The privileging of Western sexual norms underlines the fallacy of “public health” programming—PEPFAR promotes health for those who comply and assimilate to their underpinning moralistic mission, while excluding and punishing those who do not.
Many have voiced concern that the US will withdraw from its HIV/AIDS initiatives during the Trump administration. PEPFAR ensures that over 11.5 million people receive antiretroviral treatments; thus, to undo it would be devastating. However, if we fight to preserve PEPFAR, we should ensure that we are fighting for an updated version—one that supports and provides care for sex workers.
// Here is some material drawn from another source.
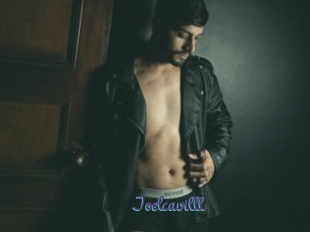 Joelcavilll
This alternate, bottom-up PEPFAR—shaped by the marginalized (“subaltern”) voices of sex workers and their healthcare advocates—would challenge the legacy of moral interventions in global health initiatives. Such an alternative would include comprehensive services that serve the multiplicity of sex workers’ experiences and exigencies, question the role of morality in the allocation of public health resources, and move away from paternalistic saviorism. The current regulations imposed from above and outside are harmful, pseudoscientific, and didactic, and disregard sex workers’ myriad needs and identities. Allowing sex workers to determine their healthcare for themselves would subvert this ineffective, paternalistic structure, and—beyond simply producing better health and safety conditions for sex workers—could also truly bring HIV/AIDS eradication within reach in a way that is impossible as long as sex workers are categorically excluded from treatment and education programs.
In her inquiry into “why so much passion and effort ha[s] not managed to improve life for people who sell sex,” Laura Agustín summarizes the inadequacy of international aid workers’ “good intentions” when they derive from rigid moralistic paradigms. Efficacious public health programs worldwide would benefit from some introspection, to parse out biases and unravel mainstream privileging of “Western” knowledge and attitudes, particularly when working in international settings. PEPFAR could precipitate more positive change in the battle against HIV/AIDS if, as Agustín and Susan Archer Mann suggest, “subaltern” sex workers’ voices had more space to speak and an ardently open-eared audience to listen and respond.
PEPFAR programming must be preserved—but it must also be reconfigured, with guidance from transnational feminist perspectives which privilege voices from the “subaltern,” question neocolonial and paternalistic impositions, and counter epistemic violence. Otherwise it is doomed to remain at best counterproductive, and at worst, a fatal instrument of Christian fundamentalism cloaked as international public health work.